Don't be fooled. Vaccination will not make things any better for the buffalo or Montana's tarnished image. It is only the latest weapon in an arsenal being used to domesticate the Yellowstone herd. Captured calves between the ages of 4 and 24 months will be rounded up, separated from their mothers, confined in pens, tested for brucellosis antibodies, injected with a vaccine that even the DOL admits is ineffective, fitted with a permanent ear-tag, and then released.

There has never been a documented brucellosis transmission from wild buffalo to livestock.
The test to determine which calves are slaughtered and which vaccinated is the same serology test that currently dictates the fate of captured buffalo. The test only detects antibodies to brucellosis and not the disease itself. Brucellosis-exposed buffalo can develop their own antibodies and successfully immunize themselves, much like a child exposed to chickenpox does. Like the child with chickenpox, a brucellosis-exposed buffalo will carry the antibody for the rest of its life without being contagious.

The DOL's vaccination program is intended to reduce the risk of brucellosis transmission by reducing brucellosis exposure in buffalo. Yet even the DOL's most optimistic estimate admits that 15 consecutive years of vaccinating captured buffalo calves will only reduce exposure rates from 45 to 30 percent. And this says nothing of Yellowstone's elk, which are also exposed to brucellosis.

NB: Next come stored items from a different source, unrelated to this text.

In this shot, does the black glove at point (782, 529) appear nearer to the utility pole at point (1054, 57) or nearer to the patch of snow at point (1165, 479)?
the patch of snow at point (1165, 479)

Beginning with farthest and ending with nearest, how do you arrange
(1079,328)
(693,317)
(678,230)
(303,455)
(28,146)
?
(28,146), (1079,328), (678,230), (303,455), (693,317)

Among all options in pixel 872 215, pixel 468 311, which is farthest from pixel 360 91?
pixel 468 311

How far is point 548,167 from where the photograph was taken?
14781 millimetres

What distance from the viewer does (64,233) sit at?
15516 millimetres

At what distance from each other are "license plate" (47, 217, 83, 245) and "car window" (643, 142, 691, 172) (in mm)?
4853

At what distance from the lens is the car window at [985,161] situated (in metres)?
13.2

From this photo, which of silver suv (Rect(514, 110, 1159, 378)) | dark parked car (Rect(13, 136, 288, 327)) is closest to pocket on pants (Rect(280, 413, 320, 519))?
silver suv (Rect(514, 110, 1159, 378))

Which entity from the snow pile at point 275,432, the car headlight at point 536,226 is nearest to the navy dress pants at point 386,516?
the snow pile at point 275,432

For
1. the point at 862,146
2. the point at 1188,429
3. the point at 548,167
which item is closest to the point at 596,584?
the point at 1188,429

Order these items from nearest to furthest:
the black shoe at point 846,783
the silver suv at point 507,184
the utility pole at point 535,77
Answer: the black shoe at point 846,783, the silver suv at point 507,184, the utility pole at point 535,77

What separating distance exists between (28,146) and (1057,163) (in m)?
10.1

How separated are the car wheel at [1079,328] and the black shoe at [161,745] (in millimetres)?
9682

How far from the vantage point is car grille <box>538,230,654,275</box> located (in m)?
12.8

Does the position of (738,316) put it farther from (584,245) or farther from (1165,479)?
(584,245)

Brucellosis exposure rates are much higher when animals are concentrated in large numbers. Between 17 and 60 percent of Northwest Wyoming feed-ground elk test positive for exposure while zero to five percent of free-roaming elk in Montana test positive. Allowing buffalo to access their native range in Montana will do more to reduce brucellosis exposure than inoculating them with the ineffective RB51 vaccine.

The goal of eliminating brucellosis in Yellowstone's wildlife is unattainable. Rather than focus on the region's free-roaming buffalo and elk, we should focus on cattle. If the livestock industry is so concerned about brucellosis, why don't they replace the few cattle that graze in the conflict zone with brucellosis-safe livestock like steers and horses? Spatial and temporal separation--making sure buffalo and cattle cows don't come in contact with one another--is a far more sensible approach than the current buffalo management plan that squanders millions of tax dollars and tarnishes Montana's image every year.

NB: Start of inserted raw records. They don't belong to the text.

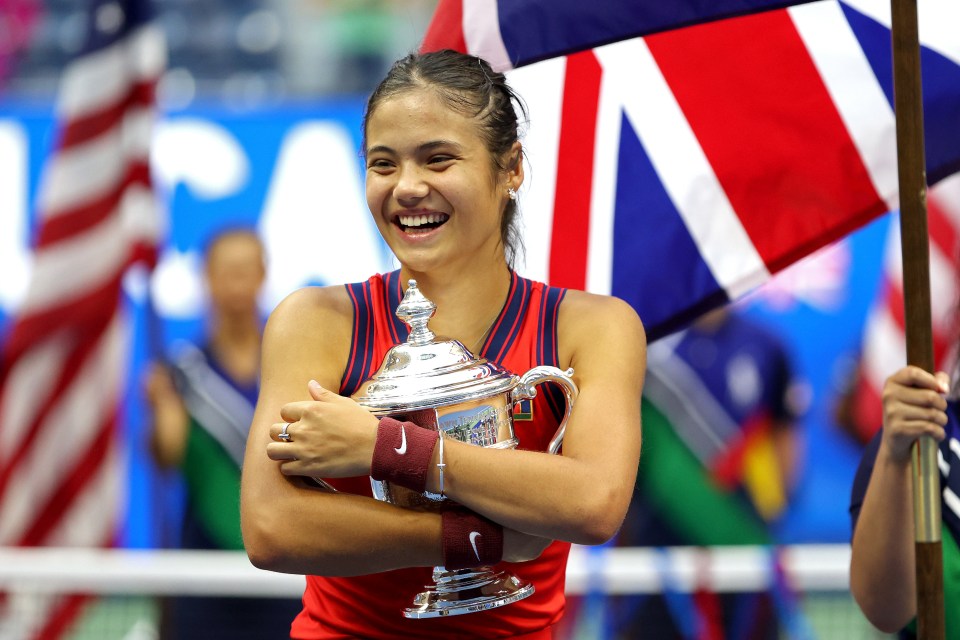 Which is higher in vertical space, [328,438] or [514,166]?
[514,166]

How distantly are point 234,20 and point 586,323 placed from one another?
1054 centimetres

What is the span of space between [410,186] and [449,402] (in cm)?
37

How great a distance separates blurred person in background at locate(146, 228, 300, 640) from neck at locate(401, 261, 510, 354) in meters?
2.65

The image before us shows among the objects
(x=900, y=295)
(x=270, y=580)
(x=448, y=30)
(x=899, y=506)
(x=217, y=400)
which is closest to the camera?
(x=899, y=506)

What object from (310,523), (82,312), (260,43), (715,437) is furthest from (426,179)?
(260,43)

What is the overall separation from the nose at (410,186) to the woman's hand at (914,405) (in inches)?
34.7

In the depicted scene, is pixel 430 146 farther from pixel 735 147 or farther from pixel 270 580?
pixel 270 580

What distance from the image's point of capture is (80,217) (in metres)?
4.99

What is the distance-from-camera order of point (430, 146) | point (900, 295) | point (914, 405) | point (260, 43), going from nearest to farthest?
point (430, 146) → point (914, 405) → point (900, 295) → point (260, 43)

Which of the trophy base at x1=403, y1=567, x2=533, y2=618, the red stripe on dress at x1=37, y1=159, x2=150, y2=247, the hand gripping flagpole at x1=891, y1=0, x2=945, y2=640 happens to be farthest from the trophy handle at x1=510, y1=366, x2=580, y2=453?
the red stripe on dress at x1=37, y1=159, x2=150, y2=247

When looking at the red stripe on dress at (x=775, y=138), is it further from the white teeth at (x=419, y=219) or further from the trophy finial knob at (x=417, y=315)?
the trophy finial knob at (x=417, y=315)

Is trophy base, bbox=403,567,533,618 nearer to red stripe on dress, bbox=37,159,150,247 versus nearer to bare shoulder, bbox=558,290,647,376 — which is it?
bare shoulder, bbox=558,290,647,376

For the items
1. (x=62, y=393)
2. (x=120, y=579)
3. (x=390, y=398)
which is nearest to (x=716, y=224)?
(x=390, y=398)

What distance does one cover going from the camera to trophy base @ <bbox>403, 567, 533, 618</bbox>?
1982mm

The Yellowstone buffalo are the only living link to the great herds of millions that once thundered across the plains. Let us be remembered as the generation that protected them and their wildness, not the generation who domesticated them to allay the unfounded fears of Montana's powerful livestock industry.

Dan Brister is Project Coordinator with the Buffalo Field Campaign. He has spent the past eight winters in the field protecting the Yellowstone buffalo.